Mit etwas geringerer Erfolgsaussicht können Sie, anstatt den Darm mit einer Sodalösung abzusaugen, einen Einlauf aus einer 5% igen Sodalösung in 75-100 ml Wasser machen. (Diese Lösung muss in das Rektum injiziert werden, damit die Flüssigkeit dort verbleibt).

Bei häufigem Puls müssen Mittel verschrieben werden, die die Nervenzentren anregen - Kampfer oder Cordiamin, die 2 ml unter die Haut injiziert werden. Die Einführung des einen oder anderen Medikaments sollte alle 3 Stunden wiederholt werden.

Es sollte als zwingend angesehen werden, einen Patienten mit diabetischem Präkoma und Koma schnell ins Krankenhaus zu schicken. Daher werden die vorstehenden therapeutischen Maßnahmen zur Entfernung solcher Patienten aus einem ernsthaften Zustand durchgeführt, wenn es irgendwelche Verzögerungen bei der sofortigen Einlieferung des Patienten in das Krankenhaus gibt und wenn es lange dauert, den Patienten dorthin zu bringen, beispielsweise 6–10 Stunden oder mehr.


Fazit

Diabetisches Koma tritt bei Patienten mit Diabetes mellitus mit grober Verletzung der Ernährung, Fehlern bei der Verwendung von Insulin und der Einstellung seiner Verwendung, mit interkurrenten Erkrankungen (Lungenentzündung, Myokardinfarkt usw.), Verletzungen und chirurgischen Eingriffen auf, physisch und neuropsychisch überfordern.

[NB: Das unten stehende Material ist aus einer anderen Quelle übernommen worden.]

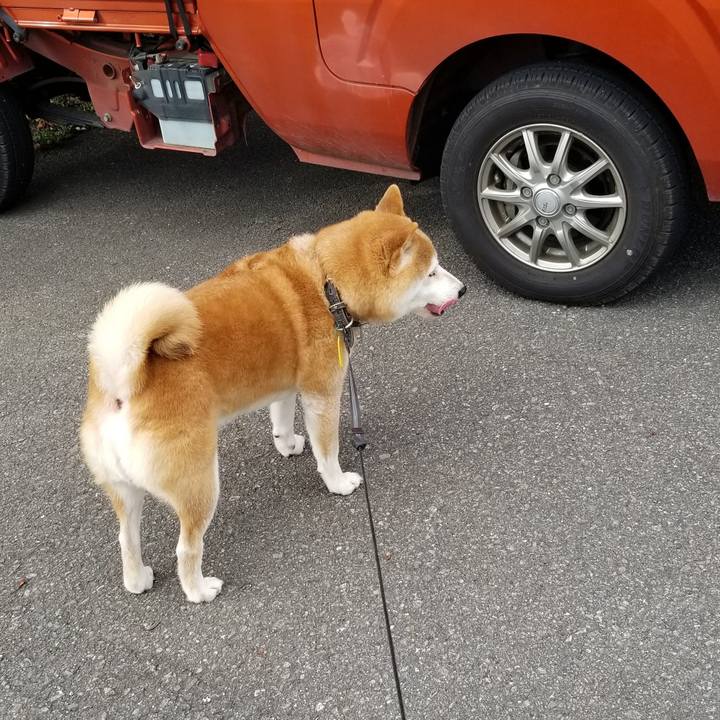 F1e34510 1c47 4943 b2c8 687f9f4fcc88 1599892931008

Hypoglykämisches Koma entwickelt sich am häufigsten als Folge einer Überdosierung von Insulin oder anderen hypoglykämischen Medikamenten.

Hypoglykämie kann durch unzureichende Kohlenhydrataufnahme bei Einführung einer normalen Insulindosis oder langen Unterbrechungen der Nahrungsaufnahme sowie durch umfangreiche und anstrengende körperliche Arbeit, Alkoholvergiftung, Verwendung von β-adrenergen Rezeptorblockern, Salicylaten, Antikoagulantien und eine Reihe von Antituberkulose-Medikamenten. Darüber hinaus treten Hypoglykämien (Koma) auf, wenn Kohlenhydrate nicht ausreichend im Körper aufgenommen werden (Hunger, Enteritis) oder wenn sie drastisch verbraucht werden (körperliche Überlastung), sowie Leberversagen.

Es muss sofort medizinische Hilfe geleistet werden. Das günstige Ergebnis von diabetischem und hypoglykämischem Koma hängt von der Zeit ab, die von dem Moment an verstrichen ist, in dem der Patient in einen bewusstlosen Zustand gefallen ist, bis zu dem Zeitpunkt, an dem Hilfe geleistet wird. Je früher Maßnahmen ergriffen werden, um das Koma zu beseitigen, desto günstiger ist das Ergebnis. Die medizinische Versorgung bei diabetischem und hypoglykämischem Koma sollte unter Überwachung von Labortests erfolgen. Dies kann in einem Krankenhaus durchgeführt werden. Versuche, einen solchen Patienten zu Hause zu behandeln, können erfolglos sein.